Data provided:

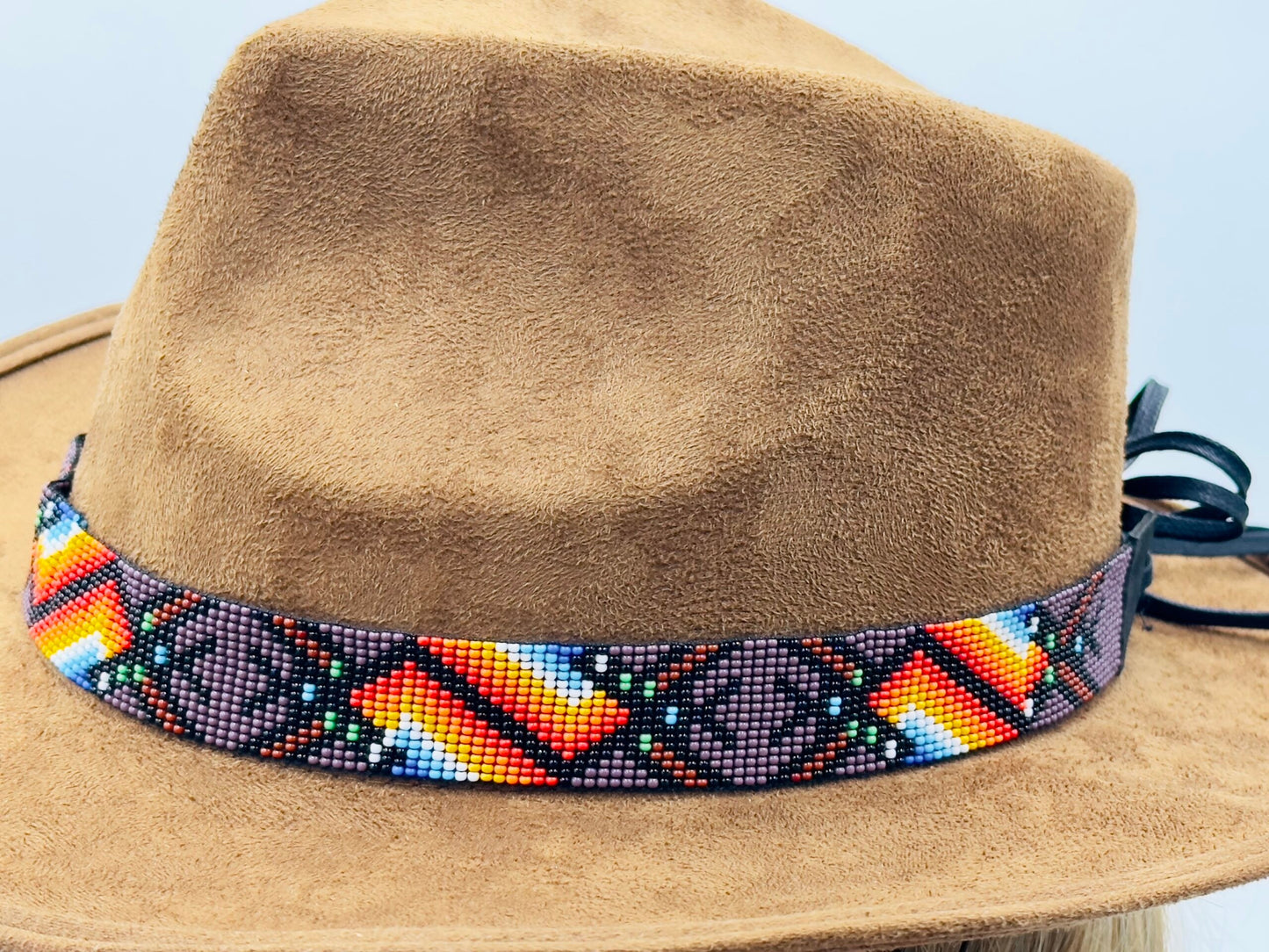 Handmade Purple multicolored adjustable Cowboy Rodeo Hatband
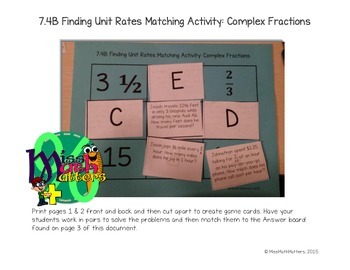 Preview of Finding Unit Rates Matching Activity: Complex Fractions 7.4B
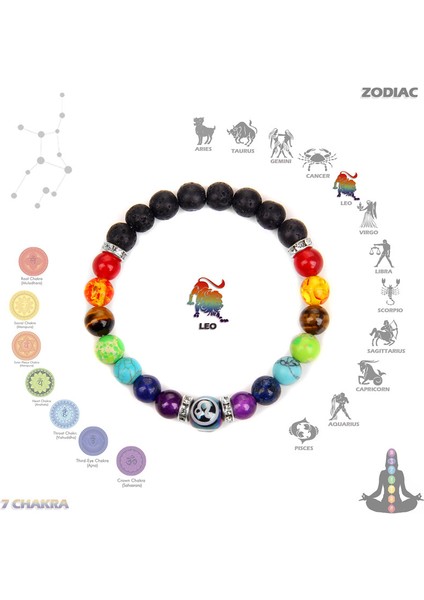 17CM Tarzı Aslan7,23-8,22 Kadınlar ve Erkekler Için Doğal Taş 7 Çakra Bileklik Çift Iyileştirme Reiki Dua Takılar 12 Burç Takıları Kolye Bilezik (Yurt Dışından)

The task:
From the line containing "Preview of Finding" through the last line of the data above, write out every line word for word, and nothing else. Do not include the pictures.

Result of the task:
 Preview of Finding Unit Rates Matching Activity: Complex Fractions 7.4B
 17CM Tarzı Aslan7,23-8,22 Kadınlar ve Erkekler Için Doğal Taş 7 Çakra Bileklik Çift Iyileştirme Reiki Dua Takılar 12 Burç Takıları Kolye Bilezik (Yurt Dışından)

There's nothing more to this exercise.